Chapter 4.7 Flashcards
Row vectors and column vectors
In an mxn matrix A, the m rows create the m row vectors and the n columns create the n column vectors
Row space, column space and null space
In an mxn matrix A, the subspace R^(n) spanned by the row vectors is called the row space of A and the subspace R^(m) spanned by the column vectors of A is called the coulmn space of A. The solution space of the homogeneous system Ax=0 is called the null space of A
What are the two general questions of chapter 4.7
1) What relationship exist among between the solutions of a linear system Ax=b and a row space, column space and null space of the coefficient matrix A.
2) What relationship exist among the row space, column space and null space of a matrix.
If x0 is any solution of a constant linear system Ax=0, and if S={v1, v2, … , vk} is a basis for the null space of A then
Every solution of Ax=b can be expressed in the form
x = x0 + c1v1 + c2v2 + … + ckvk
conversely, for all choices of scalars c1, c2, … , ck, the vector x in this formula is a solution of Ax=b
A system of linear equations Ax=b is consistemt iff
b is in the column space of A
The general solution of a consistemt linear system can be expressed as
The sum of a particular solution of that system and a general solution of the corresponding homogeneous system.

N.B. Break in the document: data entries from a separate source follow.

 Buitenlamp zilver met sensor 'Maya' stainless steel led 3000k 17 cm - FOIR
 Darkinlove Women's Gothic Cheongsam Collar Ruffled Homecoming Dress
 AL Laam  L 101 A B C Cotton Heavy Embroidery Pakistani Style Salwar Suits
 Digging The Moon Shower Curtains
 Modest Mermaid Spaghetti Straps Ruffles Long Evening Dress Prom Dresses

What relation is there between elementary row operations and the row space, column space and null space of a matrix?
Row operations do not change the row space or null space of a matrix but may change the column space
Find bases for the row and column spaces of a matrix in row echelon form by inspection
If a matrix R is in row echelon form, then the row vectors with leading 1’s (the nonzero row vectors) form a basis for the row space of A and the column vectors with leading 1’s form a basis for the column space of R
If A and B are row equivalent matrices then (2)
1) A given set of column vectors of A is linearly independent iff the corresponding column vectors of B are linearly independent.

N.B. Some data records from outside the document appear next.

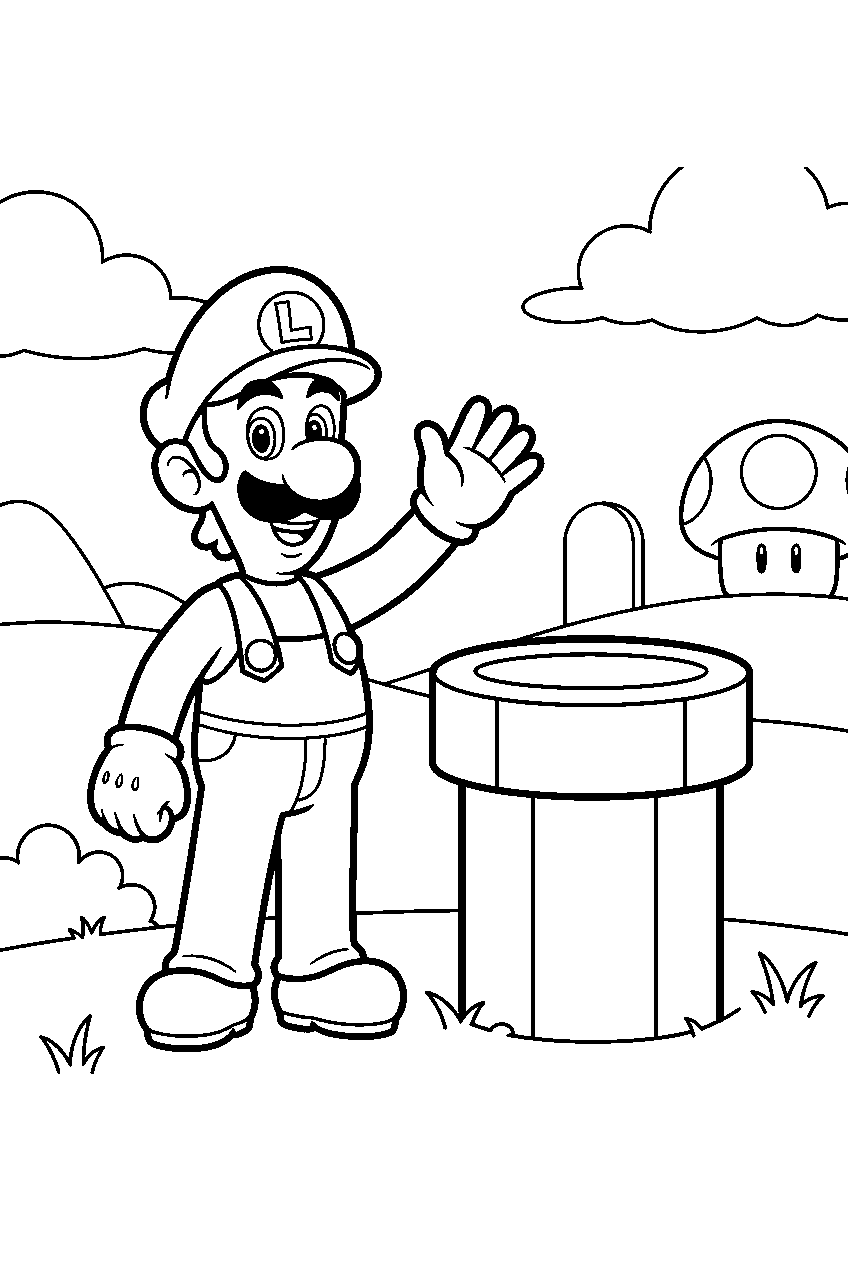 luigi waving beside a warp pipe in the mushroom kingdom line art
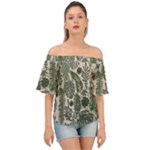 Plants Leaves Boho Botany Foliage Off Shoulder Short Sleeve Top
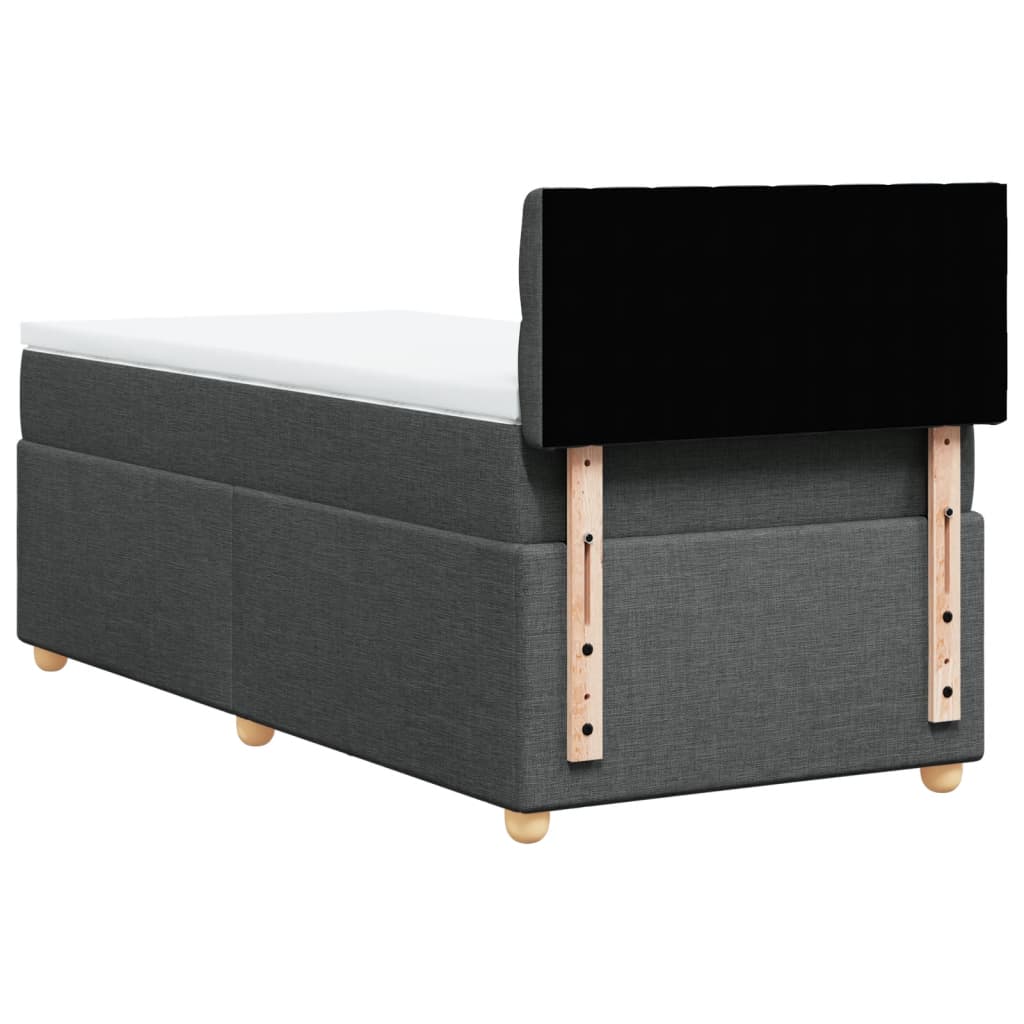 Giroletto a Molle con Materasso Grigio Scuro 100x200 cm Tessuto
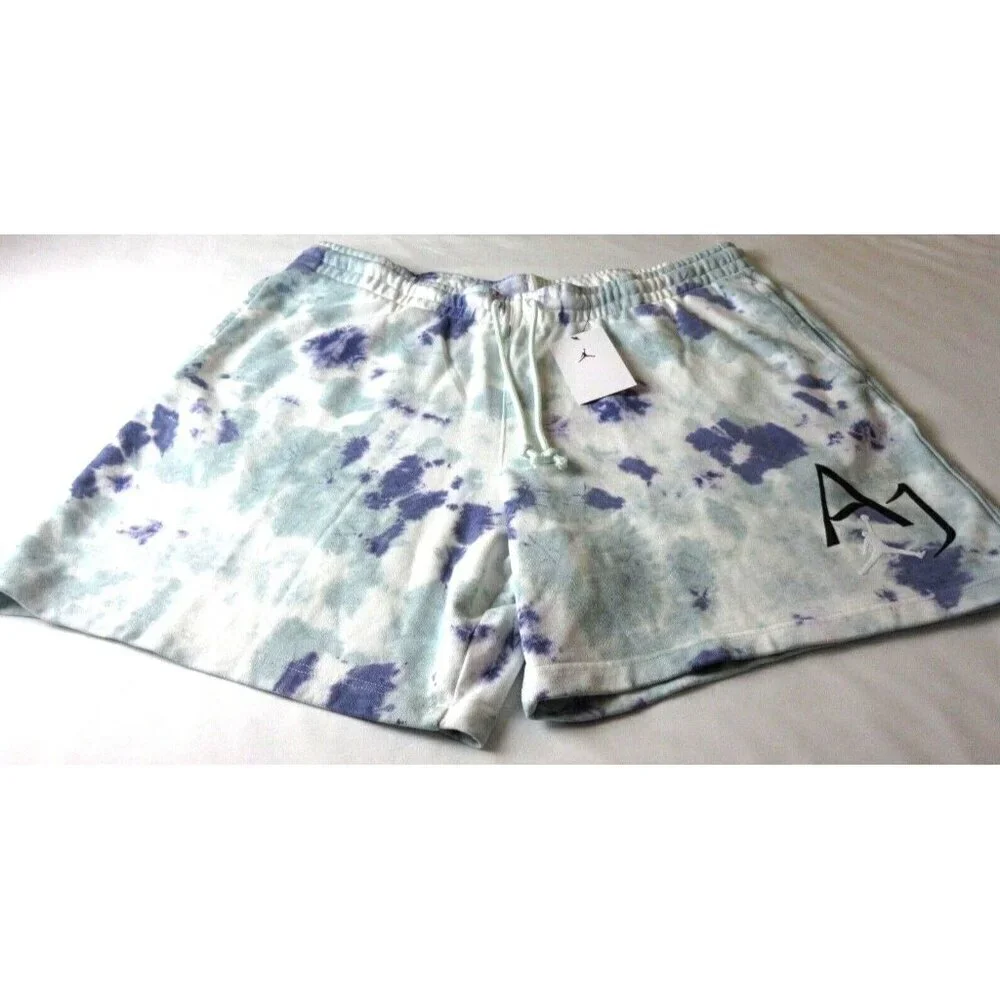 Men's Jordan Sport DNA Fleece Tie Dye Shorts Ocean Cube White Green Purple NWT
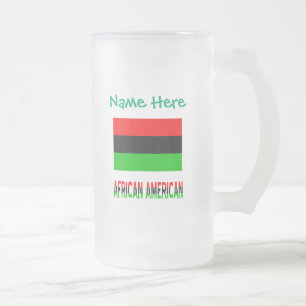 Afro-Amerikaanse Diaspora Vlag Groen Gepersonalise Matglas Bierpul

2) A given set of column vectors of Aform a basis for the column space of A iff the corresponding column vectors of B form a basis for the column space of B.

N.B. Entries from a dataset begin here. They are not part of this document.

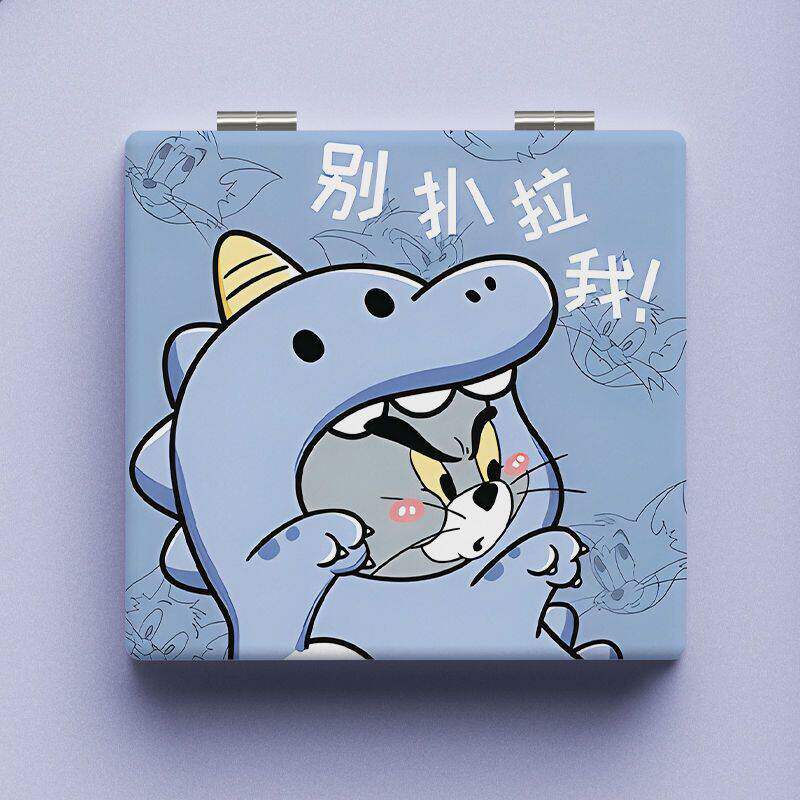 猫和老鼠搞笑镜子创意手持小镜子随身带折叠双面可爱学生化妆卡套校牌电梯厂牌高颜值ins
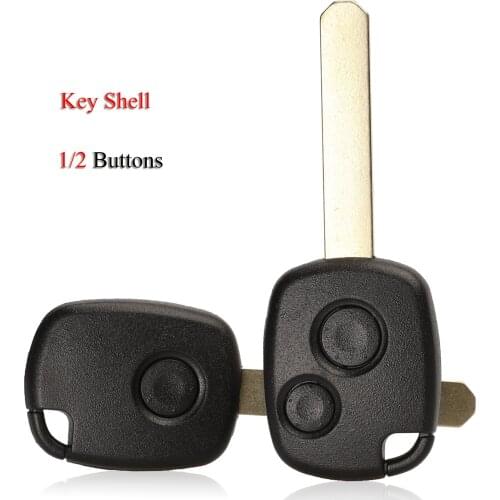 Kutery 10pcs/Lot Car Key Shell For Honda CRV Fit City Civic Accord 1/2 Buttons With Uncut Key Blade Remote Key Case Fob Cover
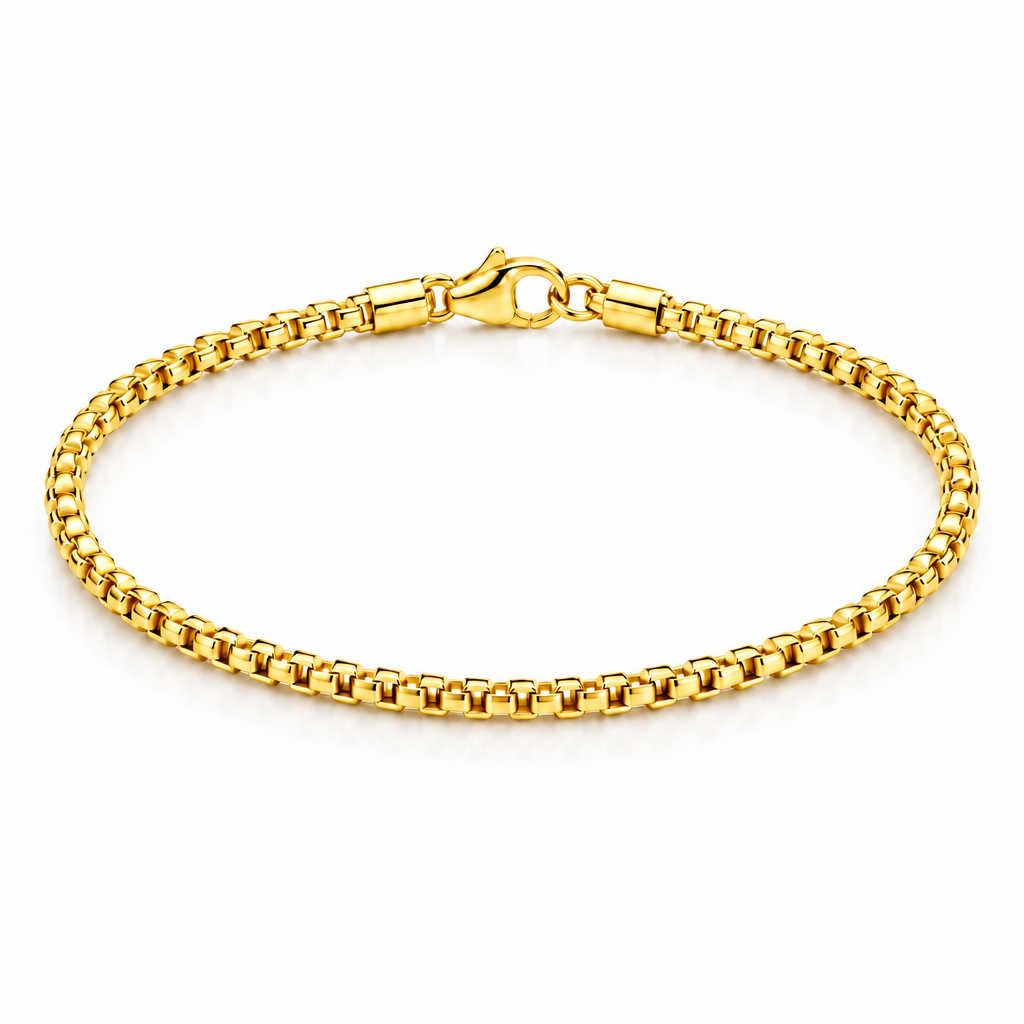 Gold Plated Sterling Silver Round Box Bracelet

The Basis problem of chapter 4.7
Given a set of vectors S={v1, v2, … , vk} in R^(n), find a subset of these vectors that form a basis for span(s), and express those vectors that are not in that basis as a linear combination of the basis vectors.
Basis for Span(S) (4+2 step guide)
1) Form the matrix A having vectors in S={v1, v2, … , vk} as column vectors
2) Reduce the matrix A to reduced row echelon form R.
3) Denote the column vectors of R by w1, w2, … , wk
4) Identify the columns of R that contain the leading 1’s. The corresponding column vectors of A form a basis for span(S)
5) Obtain a set of dependency equations by expressing each column vector of R that does not contain a leading 1 as a linear combination of preceding column vectors that do countain leading 1’s.
6) Replace the column vectors of R that apear in the dependency equations by the corresponding column vectors of A.